Uno choc che mette a dura prova la salute mentale dell’intera popolazione mondiale, già minata dalle conseguenze della diffusione del Coronavirus. Paura del futuro, ansia e incertezze, uniti all’infodemia, colpiscono i meccanismi di difesa della persona scatenando diverse manifestazioni fisiche di questo malessere: irritabilità, sbalzi d’umore, inappetenza o – al contrario – eccessivo appetito, disturbi gastrointestinali, mal di testa, tensioni muscolari e disturbi del sonno sono campanelli d’allarme da non sottovalutare.

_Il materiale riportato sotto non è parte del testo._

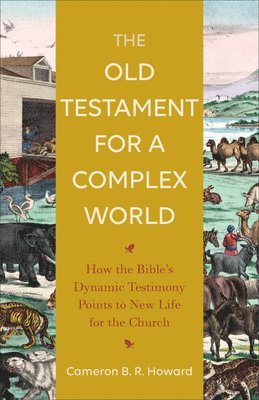 The Old Testament for a Complex World  How the Bible`s Dynamic Testimony Points to New Life for the Church 1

Essere sottoposti a periodi prolungati di stress azzera le nostre risorse fisiche, emotive e mentali.

Il senso di impotenza può generare due reazioni contrapposte: necessità di tenersi costantemente informati o, al contrario, evitare il più possibile l’esposizione agli avvenimenti. Se rimanere all’oscuro, però, non fa altro che amplificare la paura dell’ignoto, sottoporsi senza sosta al flusso di informazioni, in tv e nei social, è altrettanto deleterio.

Come afferma infatti la psicologa e psicoterapeuta Marina Zanotta, «per affrontare l’ansia, uno strumento molto efficace è quello della conoscenza: informarsi bene, leggendo da fonti attendibili, quello che sta succedendo tra Russia e Ucraina, aiuta molto a tenerci ben ancorati alla realtà dei fatti. Avere consapevolezza di quello che sta succedendo (…) aiuta a calmare i pensieri. Questo non significa essere indifferenti, ma essere lucidi senza essere sopraffatti dalle emozioni negative».

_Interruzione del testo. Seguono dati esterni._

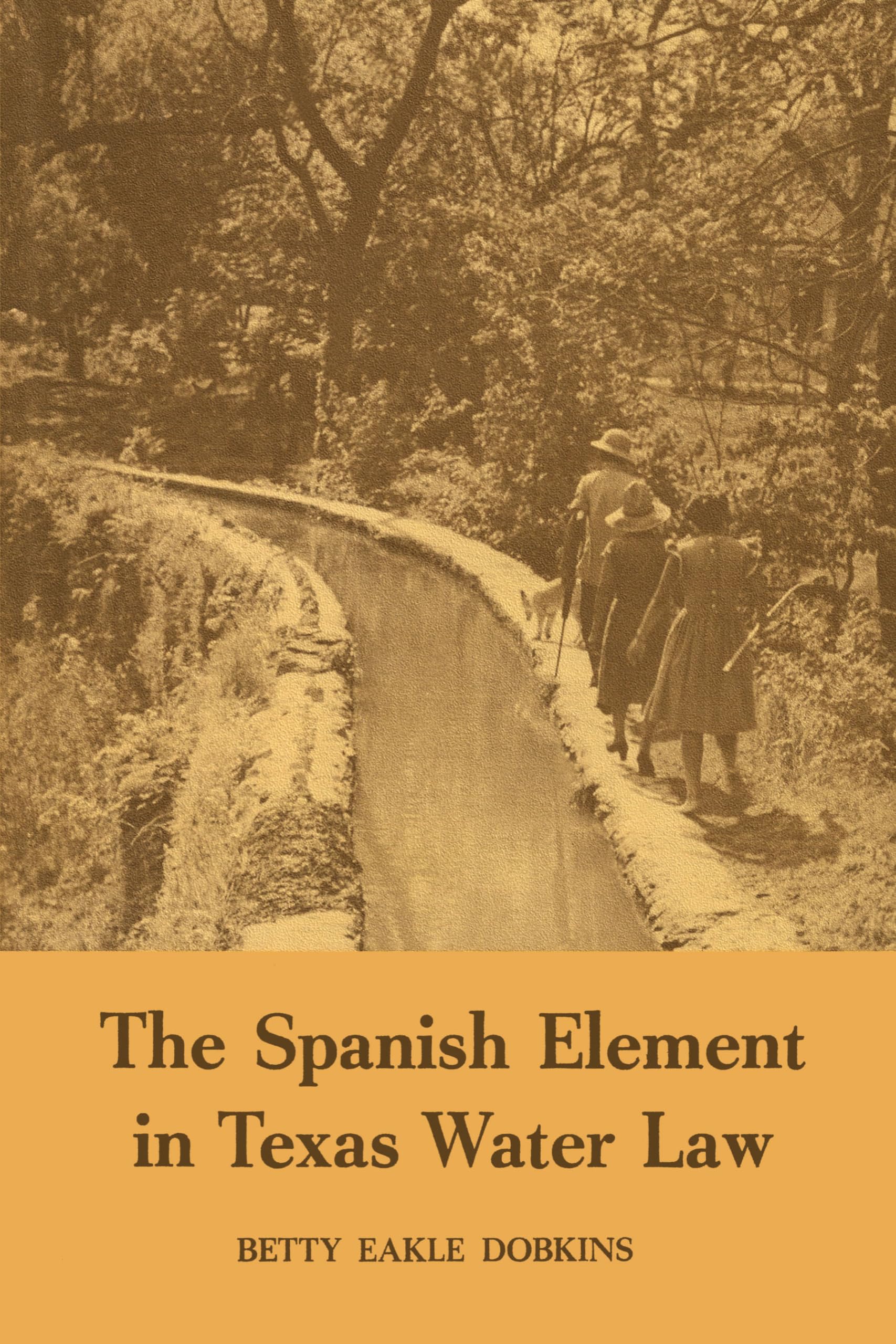 The Spanish Element in Texas Water Law,Used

Altrettanto importante è riuscire a staccare mentalmente, dedicandosi ad attività piacevoli: di fronte ad avvenimenti così gravi, il nostro bisogno di spensieratezza ci fa sentire egoisti nel desiderare una tregua. Ma è anche vero che spesso per poter aiutare gli altri è determinante, in primo luogo, saper aiutare sé stessi.

Per combattere il senso di impotenza, che può sfociare in senso di colpa e frustrazione, dare un proprio contributo alla causa, attraverso donazioni e iniziative per la pace, non solo è un atto lodevole nei confronti delle popolazioni afflitte, ma è anche un’azione che produce in noi l’effetto di alimentare la speranza, facendoci sentire parte di qualcosa di più grande della propria individualità, anche se lontani migliaia di chilometri.

Affrontare, nel 2022, una tematica come la guerra è complicato e doloroso per gli adulti, e lo è a maggior ragione per bambini e ragazzi. Dopo aver provato, per due anni, a spiegare ai più giovani il significato di pandemia, i genitori si trovano oggi di fronte a un nuovo scoglio. Come spiega lo psicoterapeuta dell’età evolutiva Alberto Pellai, il rischio è di «trasmettere a chi sta crescendo l’idea che il mondo non sia un luogo sicuro in cui nascere e crescere. Sia chiaro: è fondamentale essere partecipi, consapevoli e aggiornati su tutto, ma ciò che probabilmente non dà tregua ai bambini è la sensazione di vivere sempre sotto assedio. Il ruolo di noi adulti, in questo caso, è quello di abbassare il senso di minaccia sul “qui ed ora” fornendo loro una visione chiara di come tutto il mondo al momento stia lavorando con la seria intenzione di fermare la guerra. Tante le piccole cose che un bambino può fare: pregare per la pace (nelle famiglie di chi ha un credo religioso), portare un dolce o un fiore ad una persona ucraina che vive nella nostra comunità (…), aderire alla proposta di un’agenzia qualificata che sta promuovendo raccolte a favore della popolazione ucraina».

Oltre all’ansia e alla paura, tra gli effetti di questi eventi sulla nostra psiche c’è anche lo svilupparsi di uno stato di apatia, da considerarsi campanello d’allarme al pari degli altri sintomi. Prima la pandemia e ora la guerra hanno generato in noi un carico emotivo molto pesante, che non tutti sono in grado di gestire senza conseguenze. Per questo non bisogna chiudersi nel silenzio ma è invece importante riconoscere le difficoltà e affidarsi alle mani esperte dei professionisti, per poter aiutare sé stessi e, quindi, essere in grado di sostenere il prossimo.